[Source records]
..............................

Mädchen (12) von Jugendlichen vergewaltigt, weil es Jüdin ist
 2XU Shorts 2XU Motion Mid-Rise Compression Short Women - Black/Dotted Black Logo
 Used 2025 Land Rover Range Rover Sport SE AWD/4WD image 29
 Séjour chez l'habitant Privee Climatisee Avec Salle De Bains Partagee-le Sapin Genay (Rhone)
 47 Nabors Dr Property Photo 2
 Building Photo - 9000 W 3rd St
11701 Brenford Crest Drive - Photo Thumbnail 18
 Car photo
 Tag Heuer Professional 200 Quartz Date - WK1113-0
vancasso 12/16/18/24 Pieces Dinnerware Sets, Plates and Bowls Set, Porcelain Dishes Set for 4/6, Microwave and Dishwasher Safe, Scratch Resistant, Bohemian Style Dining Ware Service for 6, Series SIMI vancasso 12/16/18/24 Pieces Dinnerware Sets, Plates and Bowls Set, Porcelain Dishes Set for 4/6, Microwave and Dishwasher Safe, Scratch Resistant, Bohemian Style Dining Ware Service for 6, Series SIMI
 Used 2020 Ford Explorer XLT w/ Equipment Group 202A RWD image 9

..............................

**What you need to do:** Return the records exactly, character for character.

**Output of the exercise:**
Mädchen (12) von Jugendlichen vergewaltigt, weil es Jüdin ist
 2XU Shorts 2XU Motion Mid-Rise Compression Short Women - Black/Dotted Black Logo
 Used 2025 Land Rover Range Rover Sport SE AWD/4WD image 29
 Séjour chez l'habitant Privee Climatisee Avec Salle De Bains Partagee-le Sapin Genay (Rhone)
 47 Nabors Dr Property Photo 2
 Building Photo - 9000 W 3rd St
11701 Brenford Crest Drive - Photo Thumbnail 18
 Car photo
 Tag Heuer Professional 200 Quartz Date - WK1113-0
vancasso 12/16/18/24 Pieces Dinnerware Sets, Plates and Bowls Set, Porcelain Dishes Set for 4/6, Microwave and Dishwasher Safe, Scratch Resistant, Bohemian Style Dining Ware Service for 6, Series SIMI vancasso 12/16/18/24 Pieces Dinnerware Sets, Plates and Bowls Set, Porcelain Dishes Set for 4/6, Microwave and Dishwasher Safe, Scratch Resistant, Bohemian Style Dining Ware Service for 6, Series SIMI
 Used 2020 Ford Explorer XLT w/ Equipment Group 202A RWD image 9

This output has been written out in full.